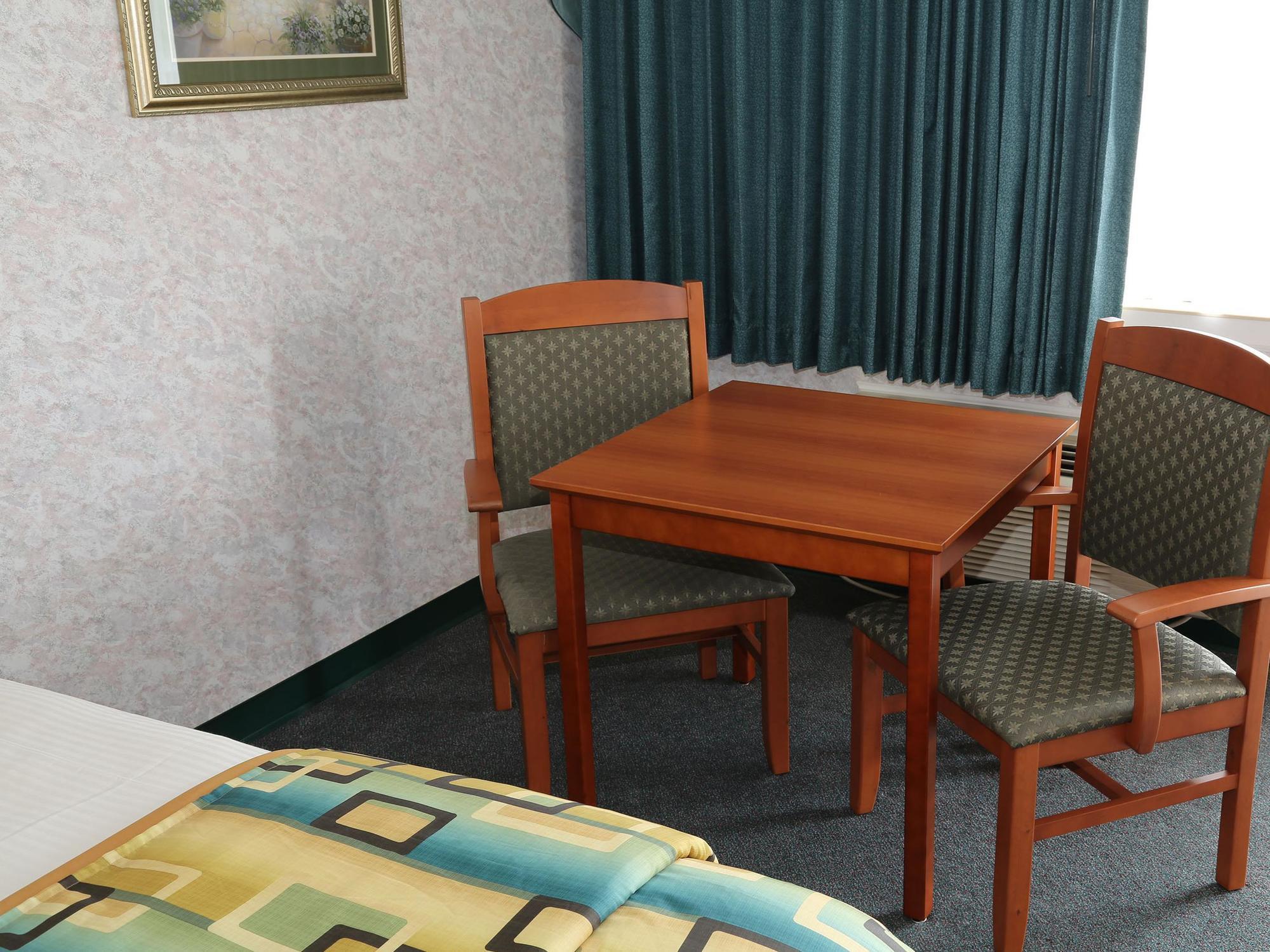 Magnuson Hotel Howell/Brighton Екстер'єр фото
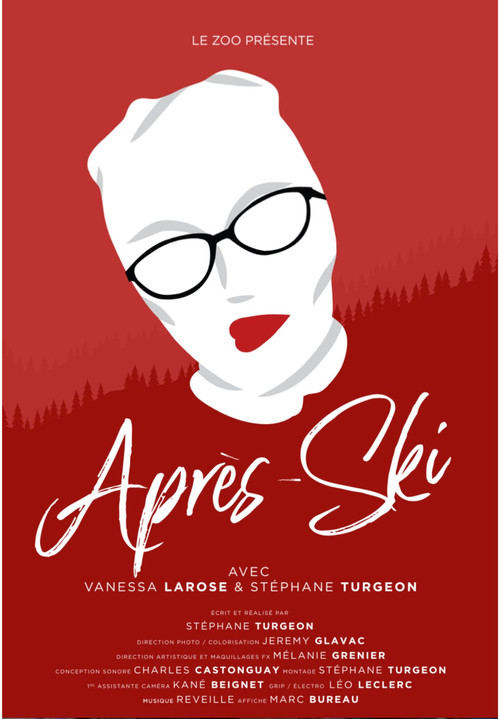 Apr&egrave;s-ski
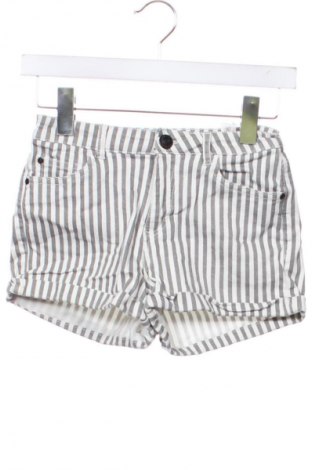 Дамски къс панталон Reserved, Размер XS, Цвят Многоцветен, Цена 19,00 лв.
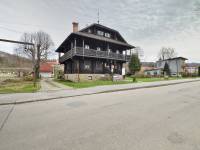 Pałacyk Myśliwski Habsburgów w Wiśle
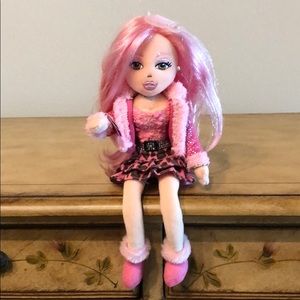 TY GIRLZ Sizzlin’ Sue Doll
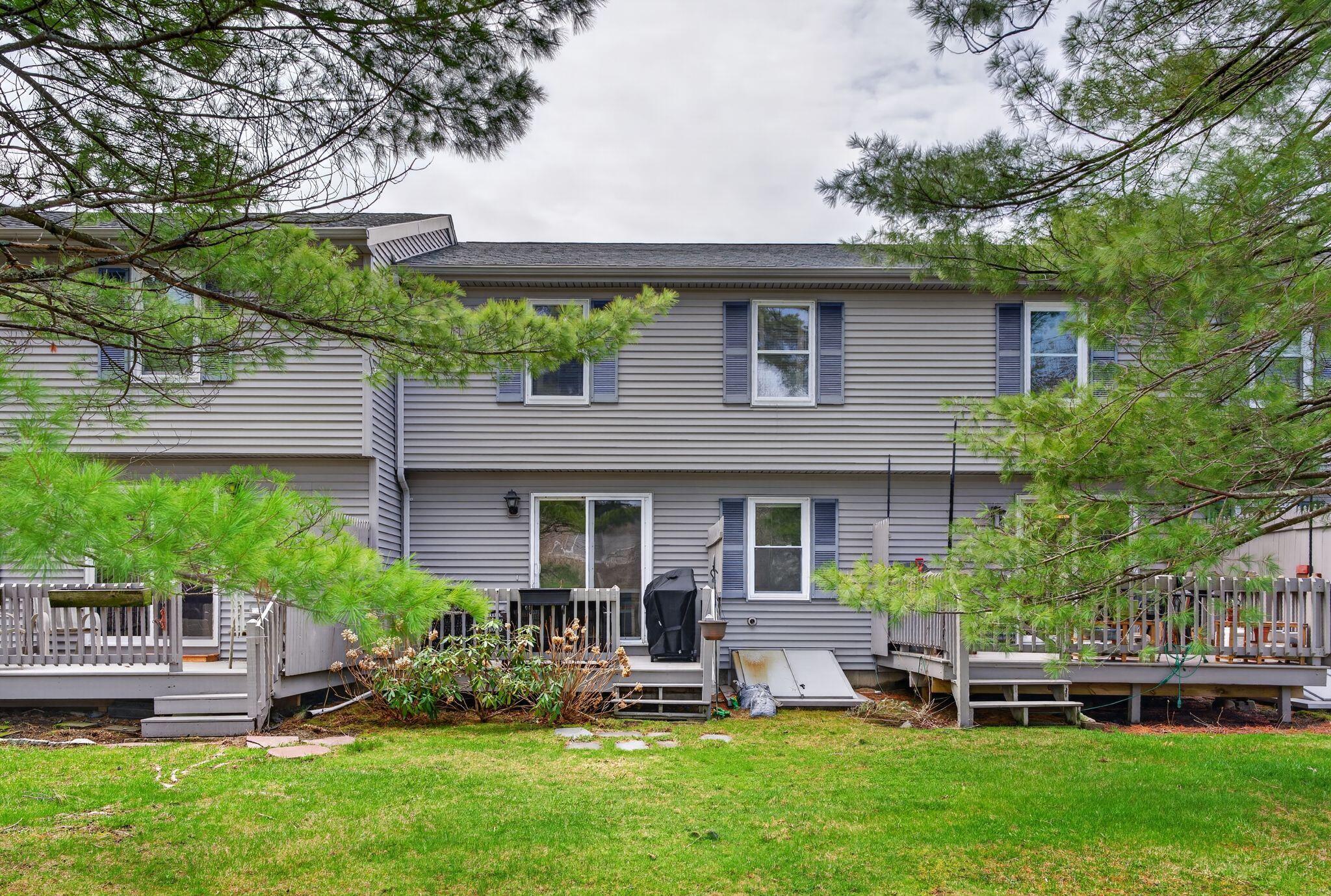 60 Pleasant Hill Road, Freeport, ME, 04032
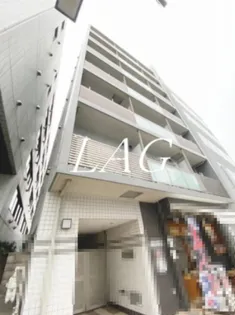 アストル吉敷町【4階】の外観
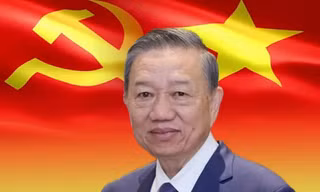 Nước Việt Nam là một, dân tộc Việt Nam là một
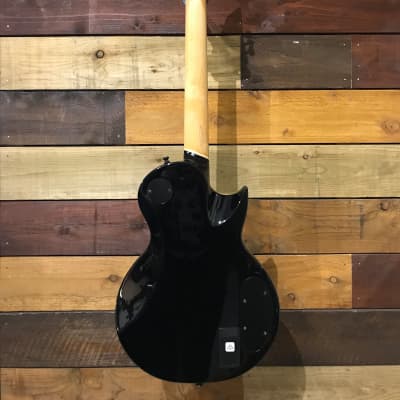 Jackson Pro Series Monarkh SC LH in Gloss Black 2017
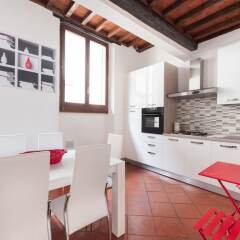 Апартаменты Short-let Florence Apartment Parione в номере фото 2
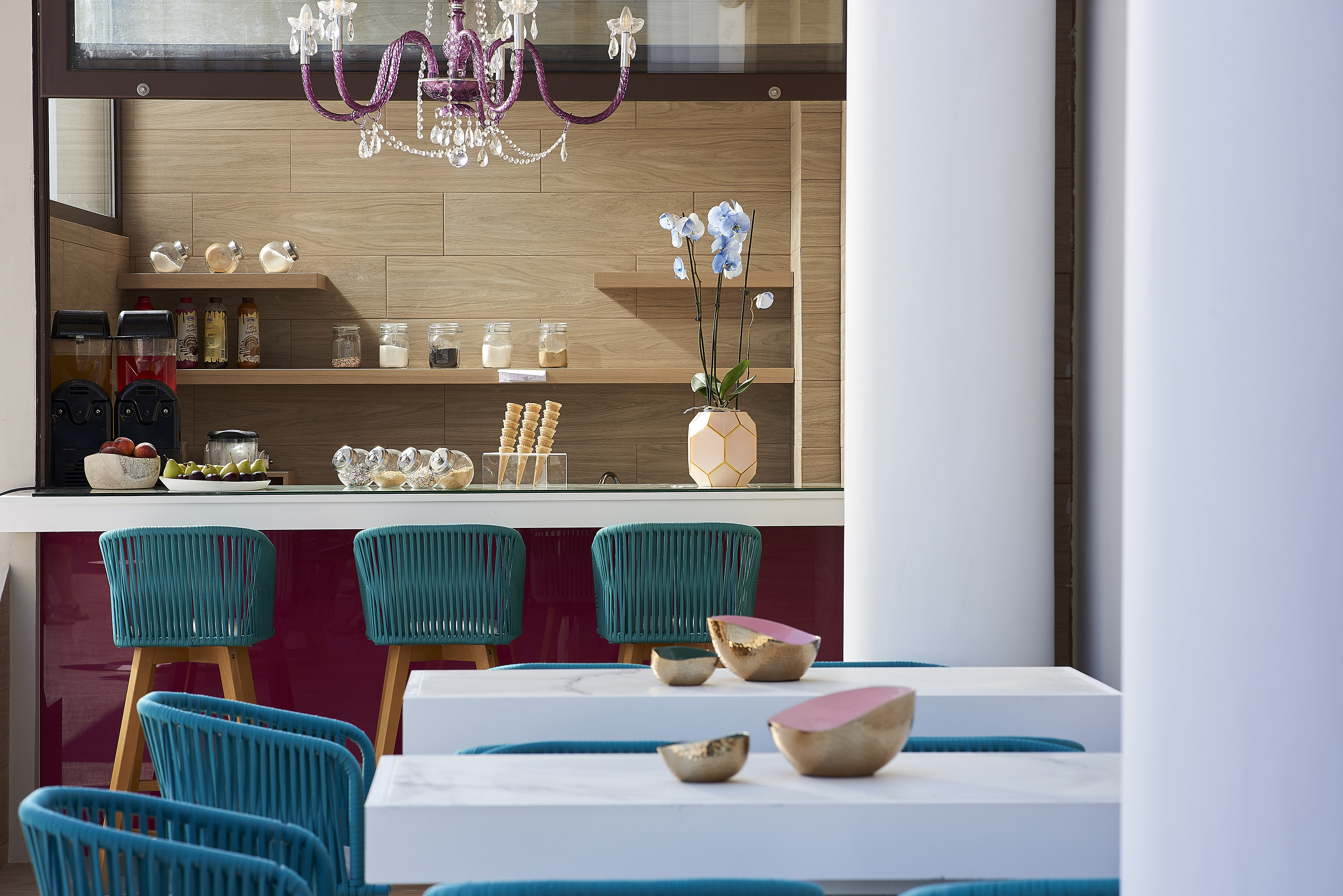 Mythos Palace Resort & Spa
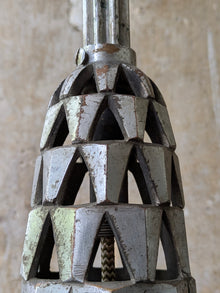 Émile-Jacques Ruhlmann Pendant Lights for Le Bon Marche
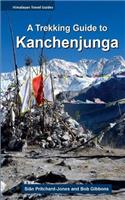 A Trekking Guide to Kanchenjunga
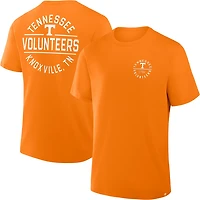 Fanatics Men's Tennessee Fast Break Short Sleeve T-Shirt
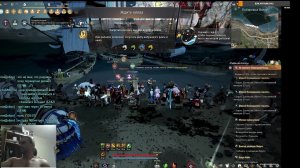 Black Desert-  стримы с рекомендациями по похудению тренировкам и питанию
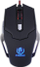 Maus FALCON Rebeltec, LED, optik, i zi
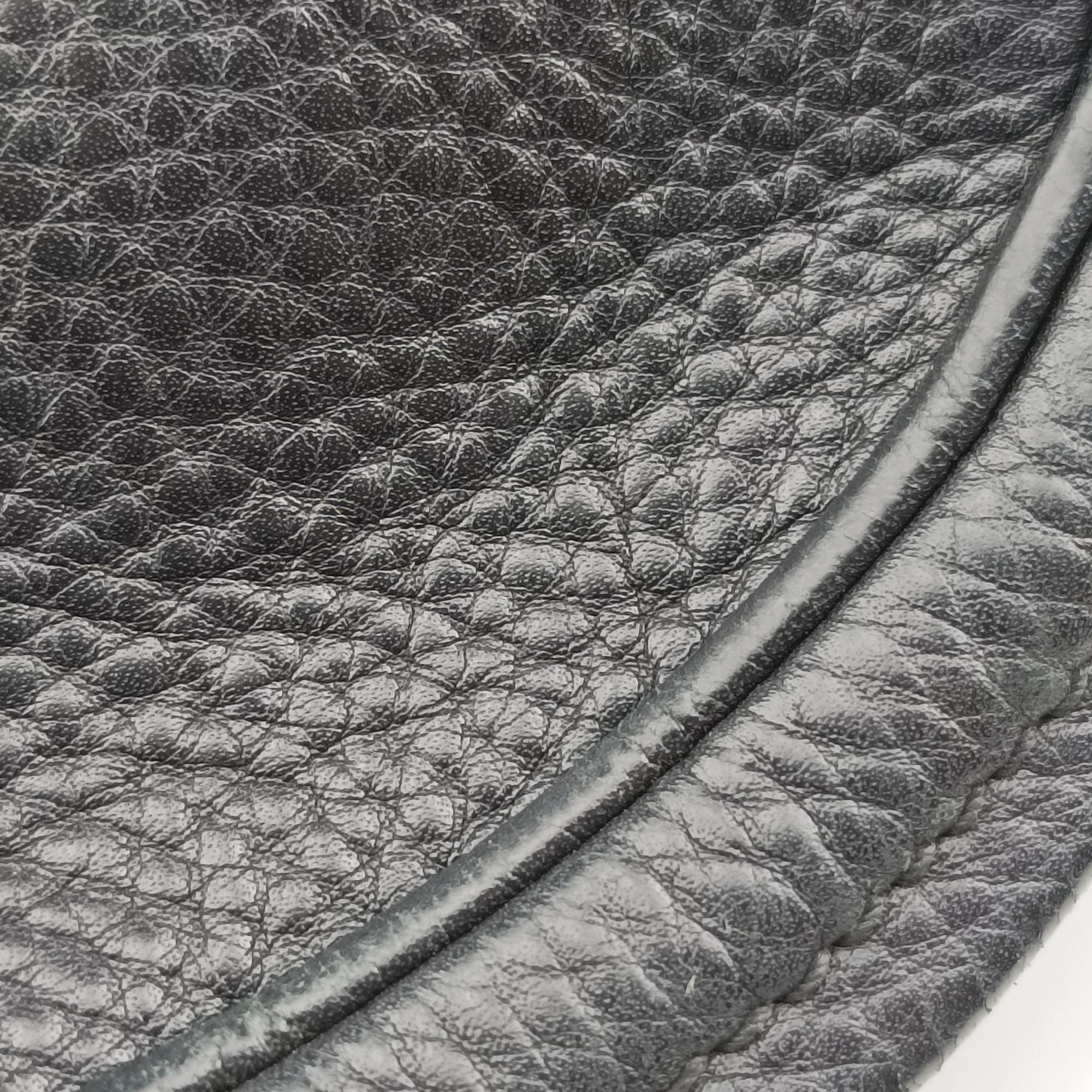 Pre-owned Gucci Soho Black Leather 353965 shoulderbag | stylenewstar
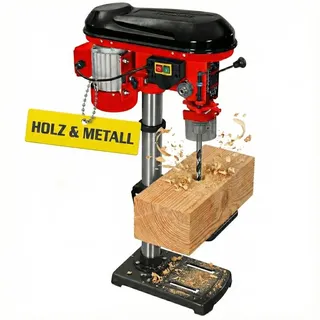 Hecht Standbohrmaschine HECHT 1063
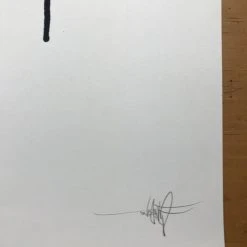 Art Prints Alex - 2009 2cents Poster Art Print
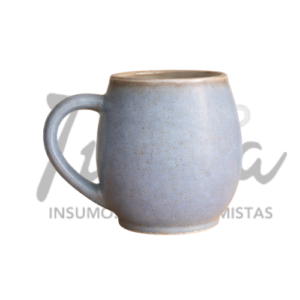 Molde de yeso Taza Panzona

◆ Exercise description ◆
Pictures do not belong in the answer. Return the lines above starting at the one with "Apr&egrave;s-ski" and ending at the one with "Mythos Palace Resort & Spa", both kept, exactly.

◆ Result below ◆
 Apr&egrave;s-ski
 Дамски къс панталон Reserved, Размер XS, Цвят Многоцветен, Цена 19,00 лв.
 Pałacyk Myśliwski Habsburgów w Wiśle
 TY GIRLZ Sizzlin’ Sue Doll
 60 Pleasant Hill Road, Freeport, ME, 04032
 アストル吉敷町【4階】の外観
 Nước Việt Nam là một, dân tộc Việt Nam là một
 Jackson Pro Series Monarkh SC LH in Gloss Black 2017
 Апартаменты Short-let Florence Apartment Parione в номере фото 2
 Mythos Palace Resort & Spa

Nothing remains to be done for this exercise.